In neighboring Delaware, the diocese declared bankruptcy in 2009, two years after lawmakers there passed the Child Victims Act, which, like Wilson’s bill, gave survivors a two-year window to bring all claims against the church that previously were barred by the civil statute of limitations.

The Wilmington Diocese ended up paying more than $77 million in settlements as a result of the new law.

Baltimore Archbishop William E. Lori, the highest-ranking Catholic priest in Maryland, previously was a bishop in Bridgeport, Connecticut, where, in 2003, he oversaw a sell-off of church property to fund a $21 million settlement for 40 victims.

In 2010, Connecticut lawmakers were considering a bill similar to Delaware’s that would have eliminated the statute of limitations on civil lawsuits for sexual abuse.

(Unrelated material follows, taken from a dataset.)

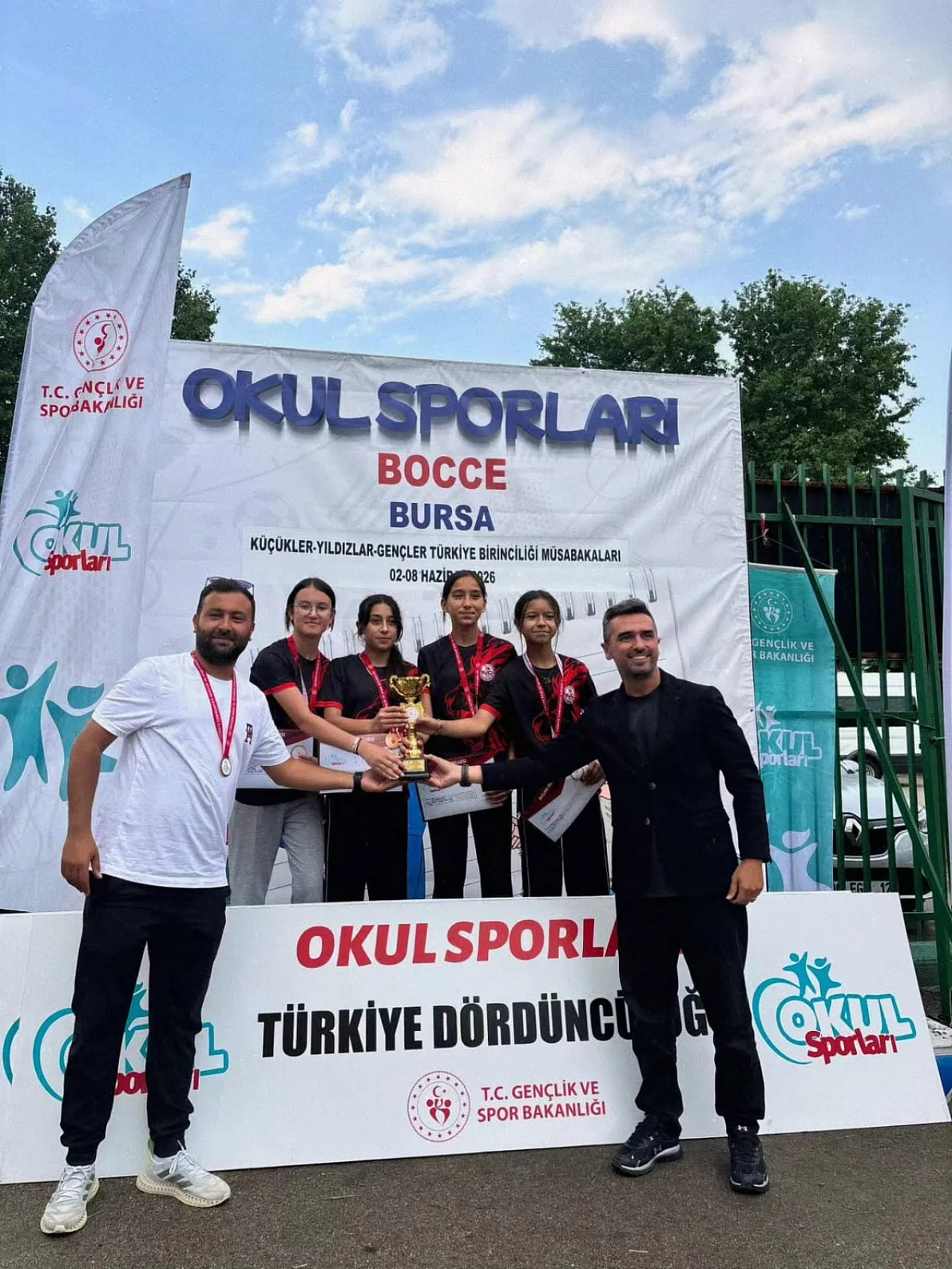 Karaaslan Ortaokulu Öğrencileri Türkiye Finallerine Damga Vurdu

Lori was one of three Connecticut church officials who wrote a letter to parishioners statewide warning them of what they considered the bill’s “devastating impact.”

“The bottom line is that this is terrible public policy, discriminatory by its nature, and a huge threat to us all,” Lori and the other two officials wrote.

That bill failed.

Rupprecht, the abuse survivor from Salisbury, said he disagrees with Lori and other Catholic priests who claim the potential for large legal settlements will ruin the church, noting that despite filing for bankruptcy in 2009, the Wilmington Diocese still exists.

“They’re still going strong,” Rupprecht said. “If anything, the parishioners, the people in the pews, they actually have a stronger sense that there’s been a reckoning and things are being fixed.”

Ultimately, a bill’s passage will not heal him, Rupprecht said.

The closure a civil trial might bring still won’t be enough to restore his faith in the church and God. Any money he could receive in a settlement will not suddenly stop him from remembering every day what happened when he was 9. It will not make him any less angry.

“You could put a million dollars in front of me or you could put a red pill in front of me, and the red pill would let me wake up one day, one day, and feel normal and not think about this,” he said. “Just one day of not knowing it and living it, trust me, I would take the red pill. It’s as simple as that.”